Segment Open
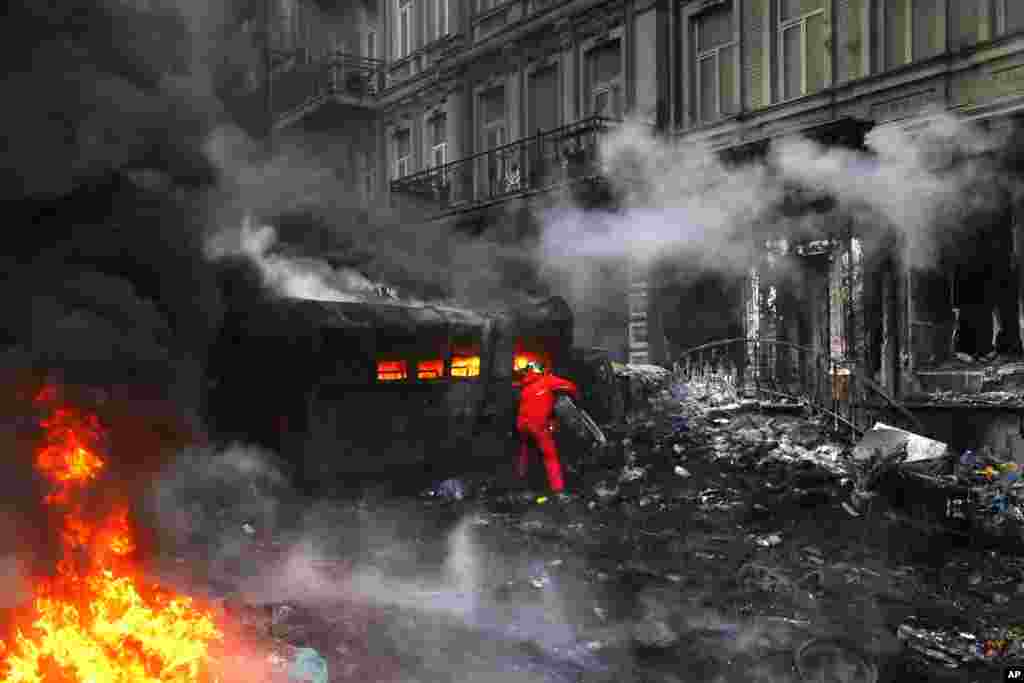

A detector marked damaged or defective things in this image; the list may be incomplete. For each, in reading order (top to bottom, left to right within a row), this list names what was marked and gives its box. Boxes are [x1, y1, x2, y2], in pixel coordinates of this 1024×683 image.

charred window frame [692, 1, 741, 123]
charred window frame [778, 0, 827, 101]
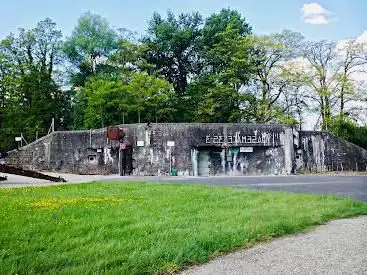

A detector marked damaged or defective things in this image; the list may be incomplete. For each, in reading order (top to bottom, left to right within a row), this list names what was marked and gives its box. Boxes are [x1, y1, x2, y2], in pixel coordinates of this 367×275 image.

rusty metal fixture [0, 166, 66, 183]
Segment Closed
**TASK TO CARRY OUT:** Copy the listing word for word, excluding its pictures.

**SOLUTION FOR THIS TASK:**
A detector marked damaged or defective things in this image; the list may be incomplete. For each, in reading order (top to bottom, left to right within a row), this list names what was marked and gives its box. Boxes are [x1, y1, x2, y2], in pixel coordinates of this 1024×683 image.

charred window frame [692, 1, 741, 123]
charred window frame [778, 0, 827, 101]

A detector marked damaged or defective things in this image; the list may be incomplete. For each, in reading order (top to bottom, left to right within a row), this list names what was marked and gives its box. Boxes are [x1, y1, x2, y2], in pixel coordinates of this 367×275 image.

rusty metal fixture [0, 166, 66, 183]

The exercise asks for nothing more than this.